Mr. Karanja, the Climate Lead at Niko Green, a social enterprise committed to making healthy and sustainable living a reality for all, wants a solution involving the public.
“As citizens, we can participate in monitoring our ecosystems’ health. We organized a conference for sustainability, drawing in students from other nations of the world. We want to advocate for solutions that involve the public.
“As Niko Green, apart from being an advisory firm, we try to be innovative in carrying out sustainable development. In conjunction with KARA, we have developed an app called Hatua to enable the ordinary citizen to report things happening around them concerning their environment.”
With the severe climate crisis, there are more calls for green buildings in Nairobi and other African cities to improve the quality of life.
“The biggest step is to desire more of our city and ourselves. We have accepted that the environment must be degraded, that we can destroy it and bury our heads in the sand. We can’t make that difference in our city until we want a difference. That’s the only way to a better city,” said Niko Green’s Karanja.
Dr Mbaisi, the acting Director for Environmental Education and Awareness at the National Environment Management Authority (NEMA), which supervises and manages all matters of the environment, insisted on regulation.
“We want to know when you are building where you are disposing of your water. The waste management regulation guides the generation of waste and transportation of said waste.
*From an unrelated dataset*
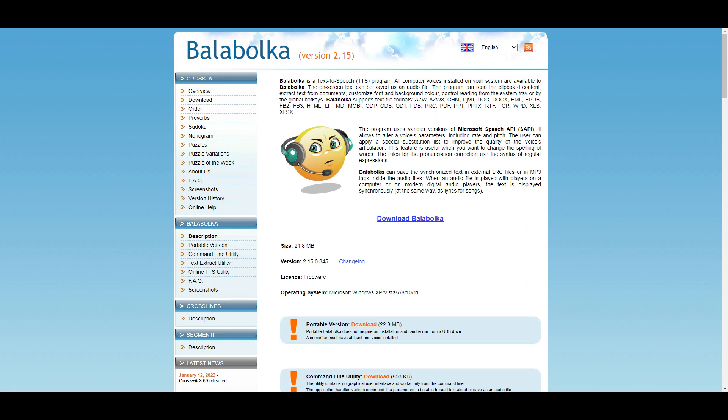run the installer. And just as a side note, Balabolka works on Windows 11, 10, 8.1, 7, Vista, and XP.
We envisage an economy where we don’t have waste as such, but we are promoting a circular economy,” she said.
“We also take people to court, and indeed, we have also been taken to court as people have a fair engagement with the law. Our motto is our environment, life, and responsibility—we are all called upon to take action and guide you in what action to take.”
She added that NEMA has embarked on a mission to protect the wetlands.
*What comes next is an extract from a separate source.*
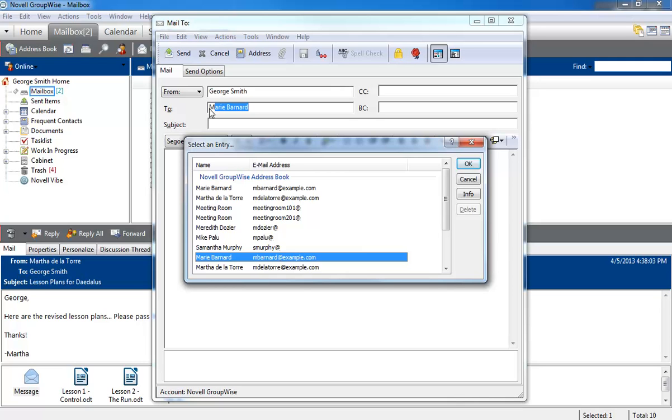These names are listed by relevance, rather than alphabetically, and are drawn from the frequent contacts address book.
“We have established the adaptation villages to work with people and train them to care for their environment.”
According to Dr Mbaisi, it takes a lot of work to have 100 percent compliance, so they have different departments that filter out the issues that need to be addressed urgently.
“We have taken people to court, and they have complied. Otherwise, we will educate, incentivize, and have an award scheme for those making an effort.
“The residents’ associations are responsible for managing the spaces they live in so we can have a clean and sustainable environment, and sustainable means that we leave the place a better place than we found it,” said Dr. Mbaisi.
Mr. Kavai, the Deputy Director, Climate Change and Air Quality Monitoring, Nairobi City County, said no one should be left behind when you want to change the climate conversation.
“We launched our Climate Action Plan 2020 to 2050. We have learned that no one should be left behind. We believe everyone has a say in this climate change conversation. We have deployed low-cost sensors that can show anyone the air quality status within their locality.”
Ms. Musili, representing the Kilimani Project Foundation, couldn’t agree more.
“As KPF, we work with children and have set up environmental clubs. We also work with youth leaders and peers in the community who mobilize and do outreach. But we are also looking to partner with the universities—we are coming to the youth instead of waiting for them to come to us.”
“If we look at the problems we are facing in the environment, including deforestation, a lot of them are human-induced. Understanding how to segregate your waste at home and having it recycled is the first step towards sustainability. Embrace the future of a zero waste and circular economy. We are the change that we want to see.” said Beverly.
At the end of the session, it was agreed that community best practices and actions towards sustainable solutions to climate change, showcased, amplified and supported across the globe. It was also agreed that governments and other stakeholders should provide a supportive and enabling environment for community-led initiatives towards climate change solutions. Finally participants agreed to promote establishment of partnerships aimed at strengthening community climate actions.
The Climate Action Zone was a side event to the Africa Climate Summit (ACS) 2023. The ACS 2023 presented an excellent opportunity to engage urban residents and enhance their understanding of climate change and how they can actively contribute to addressing it.